Having availed themselves of the benefits of their agreement with the broker, the tenants may not evade the obligation to pay compensation for services rendered by the broker. The law requires that the broker recover for its services in quantum meruit in order to avoid unjust enrichment of the tenants at the broker's expense.

However, this was not the end of the case. The court went on to state that although it found that the brokerage agreement was more than a simple exclusive agency, it did not necessarily mean that the tenants are liable for the payment of brokerage commission. After all, the brokerage agreement does not in so many words declare it to be a exclusive right to deal on the tenants behalf.
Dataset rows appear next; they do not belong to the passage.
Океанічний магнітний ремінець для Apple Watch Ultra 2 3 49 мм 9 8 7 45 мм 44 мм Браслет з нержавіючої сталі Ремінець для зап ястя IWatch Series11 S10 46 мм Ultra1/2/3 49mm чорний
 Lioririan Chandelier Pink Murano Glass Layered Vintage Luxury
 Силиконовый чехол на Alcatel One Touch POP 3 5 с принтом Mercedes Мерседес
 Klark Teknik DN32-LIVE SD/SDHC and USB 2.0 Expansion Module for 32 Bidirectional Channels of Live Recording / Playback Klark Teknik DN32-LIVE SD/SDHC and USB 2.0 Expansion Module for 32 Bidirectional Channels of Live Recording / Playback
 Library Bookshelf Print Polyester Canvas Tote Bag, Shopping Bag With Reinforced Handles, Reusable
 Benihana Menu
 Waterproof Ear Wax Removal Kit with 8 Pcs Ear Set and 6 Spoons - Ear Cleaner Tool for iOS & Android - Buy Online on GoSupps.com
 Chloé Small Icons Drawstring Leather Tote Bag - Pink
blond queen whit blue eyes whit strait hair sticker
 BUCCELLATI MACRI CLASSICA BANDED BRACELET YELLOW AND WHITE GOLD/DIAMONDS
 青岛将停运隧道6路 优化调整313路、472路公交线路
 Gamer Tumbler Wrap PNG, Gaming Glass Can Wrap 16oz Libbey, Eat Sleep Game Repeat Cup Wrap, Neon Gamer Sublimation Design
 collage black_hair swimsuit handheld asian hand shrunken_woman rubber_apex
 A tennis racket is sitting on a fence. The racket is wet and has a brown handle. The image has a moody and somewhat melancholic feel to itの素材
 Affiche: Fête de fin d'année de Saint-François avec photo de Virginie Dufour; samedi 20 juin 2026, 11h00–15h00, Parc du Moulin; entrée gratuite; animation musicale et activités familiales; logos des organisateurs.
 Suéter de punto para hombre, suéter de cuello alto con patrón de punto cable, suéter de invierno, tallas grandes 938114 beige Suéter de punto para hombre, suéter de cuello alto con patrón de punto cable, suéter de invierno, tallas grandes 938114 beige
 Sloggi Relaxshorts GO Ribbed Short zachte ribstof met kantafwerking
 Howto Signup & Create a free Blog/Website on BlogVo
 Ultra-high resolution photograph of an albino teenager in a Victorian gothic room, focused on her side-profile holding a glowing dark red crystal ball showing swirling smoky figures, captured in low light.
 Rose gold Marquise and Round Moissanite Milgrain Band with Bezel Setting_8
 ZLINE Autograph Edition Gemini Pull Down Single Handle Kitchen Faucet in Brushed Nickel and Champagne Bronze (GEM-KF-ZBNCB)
In the absence of such unequivocal language, the court refused to infer such an extensive right. In addition, the court found that there was an inconsistency between an exclusive right to deal and the representation by the broker that it would look not to the tenants for payment of its commission, but only from the landlord.

The court ruled the tenants have triable issues of fact. Among their contentions is that O&Y refused to deal with the broker, making their direct participation in negotiations imperative. By entering into an agreement with the tenants, rather than the party from whom it expected payment, the broker assumed the risk that O&Y would refuse to negotiate with anyone except the tenants. The tenants should be afforded the opportunity to prove at the trial that the breakdown of the negotiations between the broker and O&Y was due to the intransigence of the landlord, and that the broker's performance of its duties failed to be meet all of the requirements specified in the agreement.

Accordingly, the Appellate Division ordered this case for trial on these issues. Curtis Properties Corporation v. The Greif Companies et. al., 628 N.Y.S.2d 628, 212 A.D.2d 259.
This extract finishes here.